年末に飛び込んできた、「秘境駅」の写真集企画。
年が明けると、企画はとんとん拍子に進んだ。取り上げる秘境駅は、牛山隆信さんがこれまでに訪問した秘境駅の中からセレクト。牛山さんが思い描く各駅の魅力を伝える写真を、僕と牛山さんで新規に取材して撮り下ろす。写真のキャプションや、コラムなどテキスト類は原則として牛山さんが執筆する。これが基本方針だ。
まもなく、飯田線が最初の取材地に決まった。基本的に撮影は僕が行うものの、意思の疎通を図り、企画のコンセンサスを作るために、編集の江守さん、著者の牛山さんも今回は同行することになった。
手軽な企画では、コンセプトとページ構成、取材物件、締切などを決めたら、後は取材者・著者にお任せ、というケースも多い。だがこの企画では、「どんな本を作るのか」「何を取材し、そこから何を表現するのか」といったコンセプトを、制作に携わる全ての人が共有できるよう最後まで配慮された。「新幹線ガール」、「ローカル線ガールズ」、「すごい駅!」といったヒット企画は、こうした丁寧な制作姿勢から生み出されていたのだ。
さて、取材日程は、まず牛山さんが素案を作り、それに対して僕が取材の都合に合わせて調整する……という方法が採られた。
まもなく牛山さんから送られてきた、2つのプラン。
実に、細かい。
どちらも、取材対象の5つの駅を1日でばっちりまわってしまうプランだった。片方の案は、同じ区間を行ったり来たりすることがなく、「行きを東海道、帰りを中央線経由にすれば、片道きっぷになり○○○○円安くなります」とまで書いてあった。練りに練られたプランは、さすが牛山さんだ。
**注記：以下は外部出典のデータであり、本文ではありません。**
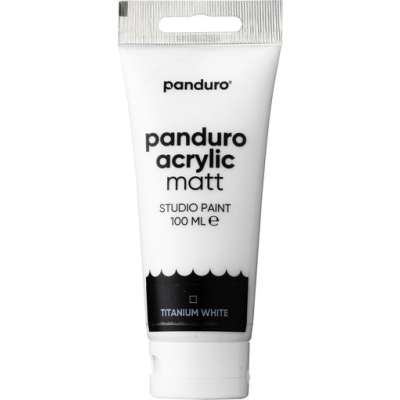 Panduro Acrylic akrylmaling, matt 100 ml – Titanium white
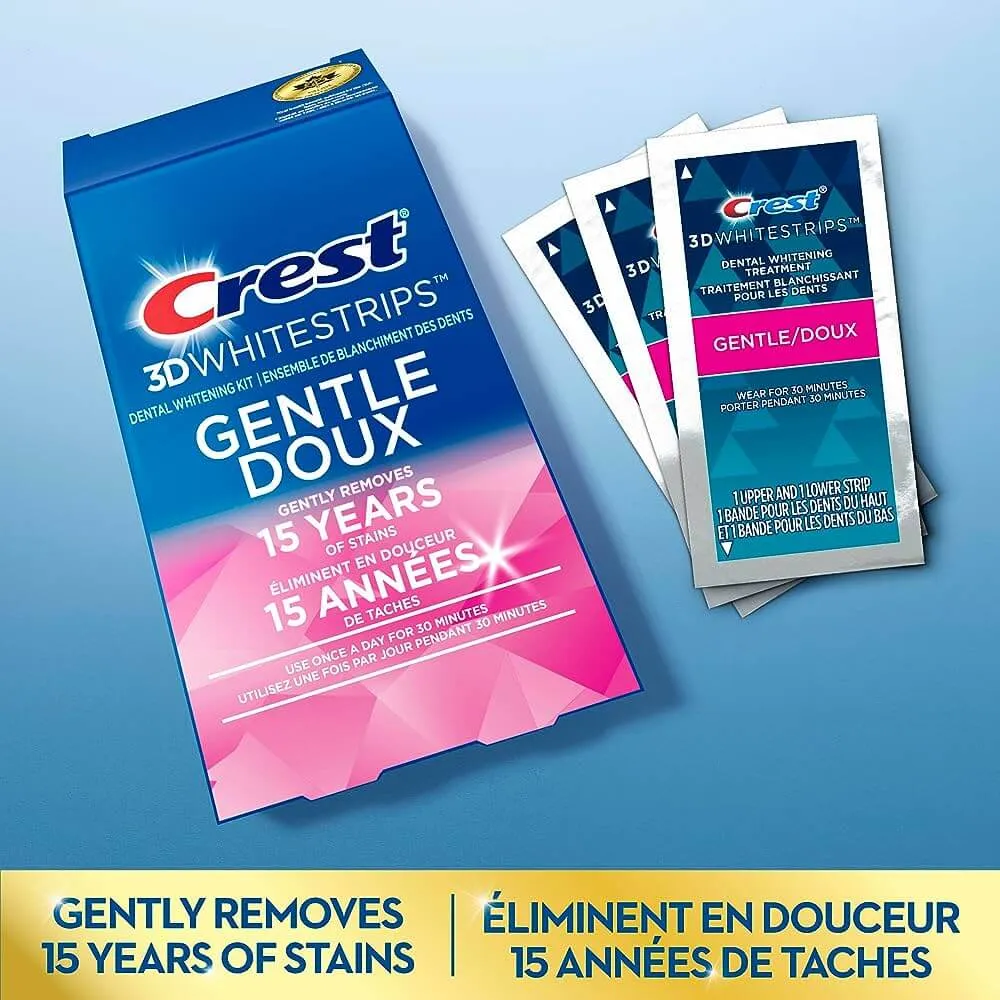 Crest 3D Whitestrips for Sensitive Teeth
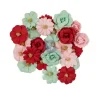 Flores de papel Sparkling 25 & Peppermint Prima Marketing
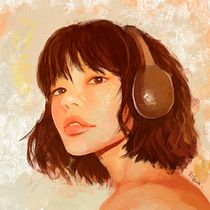 Tradigital Portrait Project by Valeria. Digital Illustration, Digital Painting, and Traditional illustration project by Valeria Casados Chouza - 05.27.2025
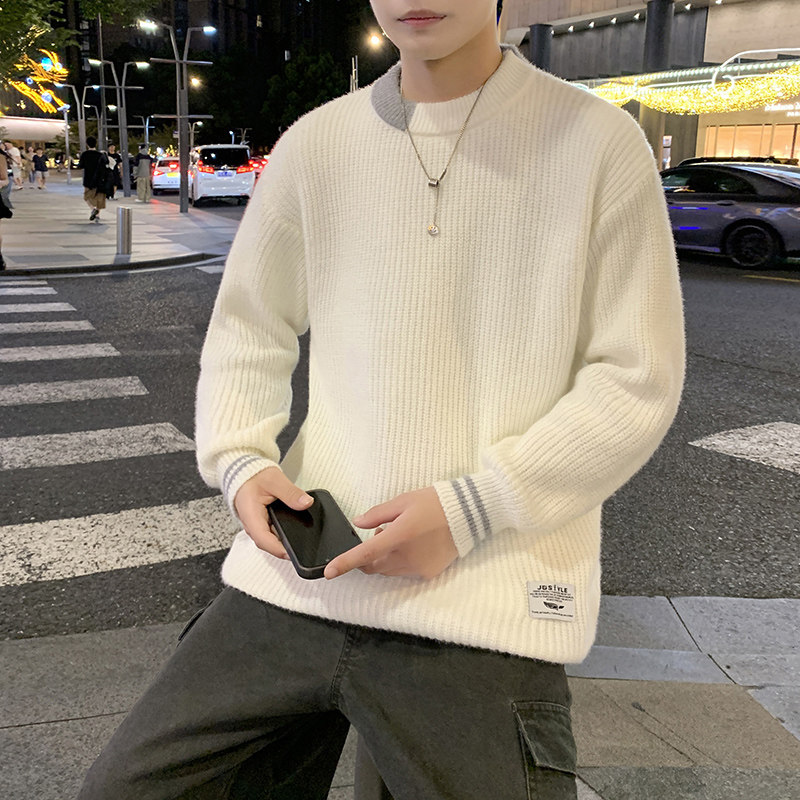 MY8267男士毛衣秋冬季潮流针织衫青少年学生款羊毛衫常规37加绒47,男装针织衫/毛衣,四季星座303A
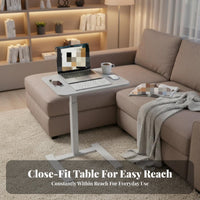 Adjustable Overbed Table Foldable Design Adjustable C-Shaped Desk for Students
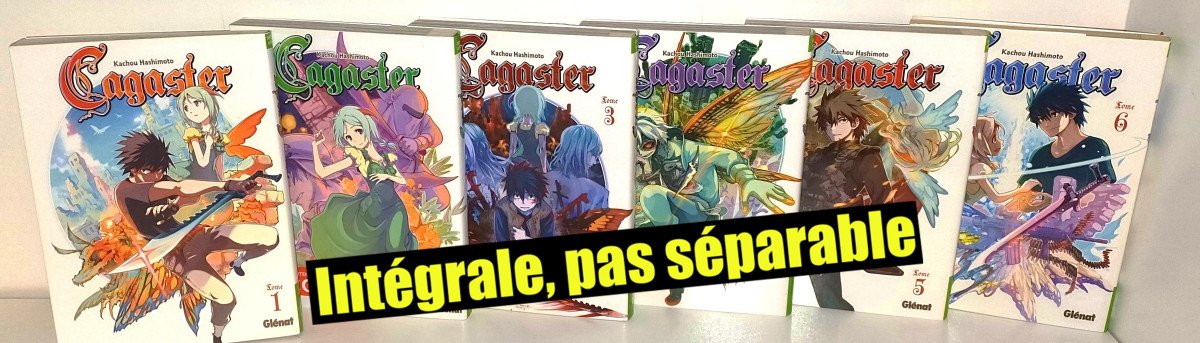 Cagaster : 1 à 6 (intégrale)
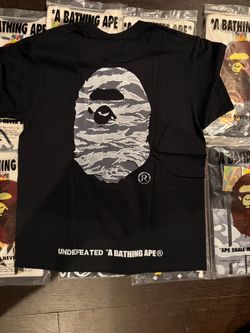 BAPE x Undefeated A Bathing Ape Black Tee
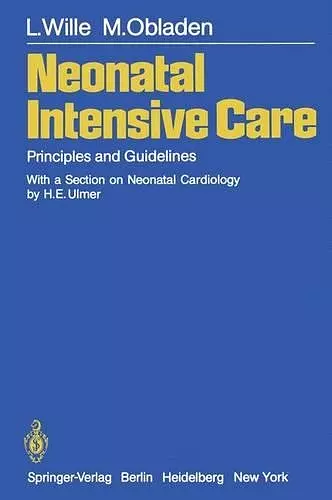 Neonatal Intensive Care cover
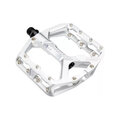LEATT pedales - ALLMTN 6.0 FLAT WIDE 114X107MM - plateado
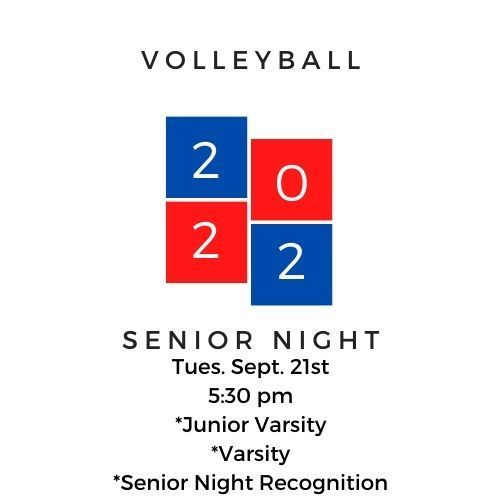 Senior Night 2021-2022 Volleyball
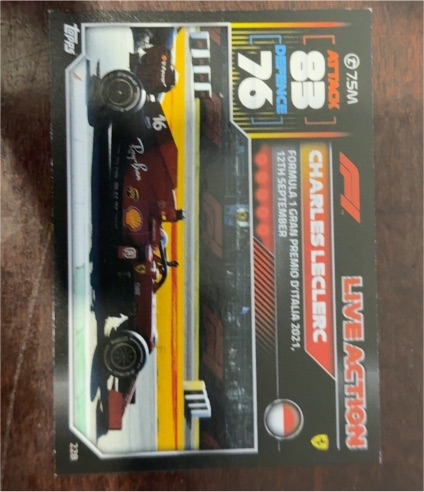2022 Topps F1 Turbo Attax #228 Charles Leclerc — front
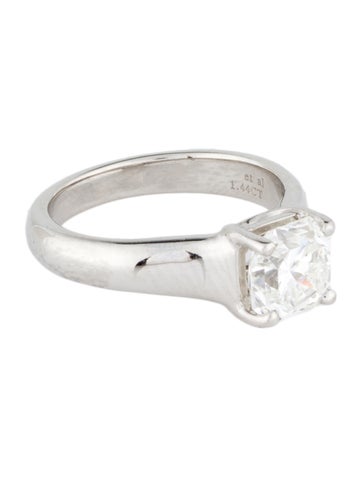 Tiffany & Co. Engagement Ring Platinum 1.44ct Diamond 3.75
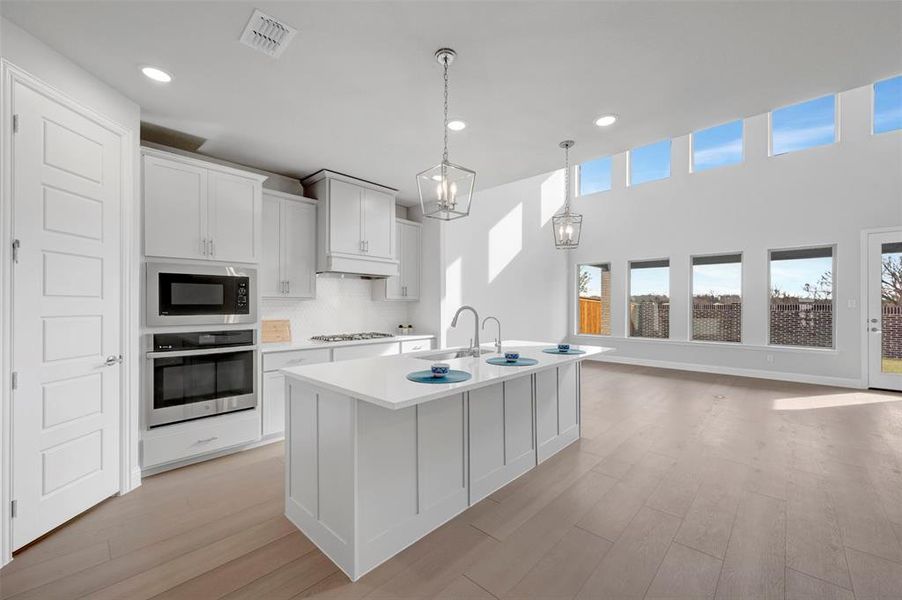 Furnished interior view inside a new home in Aster Park, McKinney (Image 13).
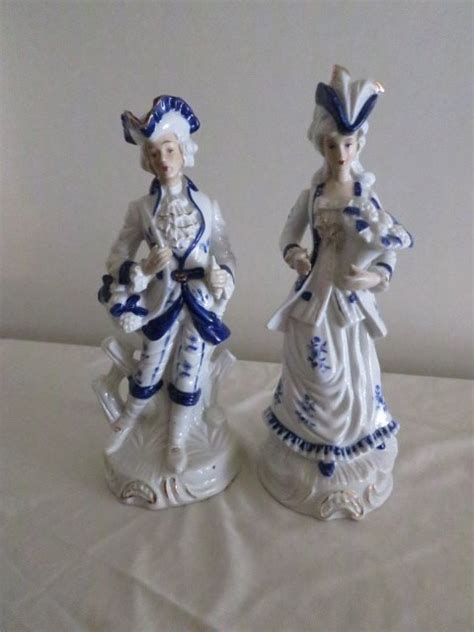 71 2pc Blue White Victorian Figurines Porcelain Jul 21 2012 King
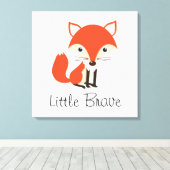 Vierkant Canvas - Little Brave Afdruk (Insitu (Houten vloer))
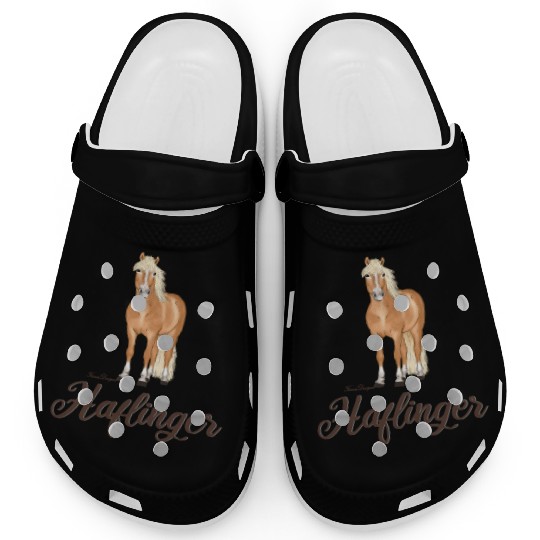 painted Haflinger horse Clogs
普通の汽車旅として考えれば実に魅力的で、帰りに飯田や伊那に住む留学時代の友だちに会えば、充実した旅になりそうだ。牛山さんのプランを見て、僕はすぐにも旅立ちたくなった。
しかし、これは取材だ。効率は良くても、各駅の滞在時間が1時間前後では短すぎる。単純に駅舎とホームを撮るだけならそれでも可能だが、今回の企画は、駅の置かれた周辺環境や、施設のディテールなども丁寧に撮影したい。
そこで、各駅の滞在時間を原則2時間以上、できればさらに時間を取ることにした。そして牛山さんの思い描く写真が撮れるよう、光の具合まで考慮して調整し、現地の宿泊を含んだプランに作り直した。
日の出日の入り時間、駅と山の位置関係、取材中の太陽の位置まで配慮して組んだ完ぺきな取材プランだ。だが、そうした僕の努力は、大いなる法則の前では、簡単に無に帰するのだった。
もうお分かりだろう。
取材初日のJR飯田線起点豊橋駅。
……土砂降りだった。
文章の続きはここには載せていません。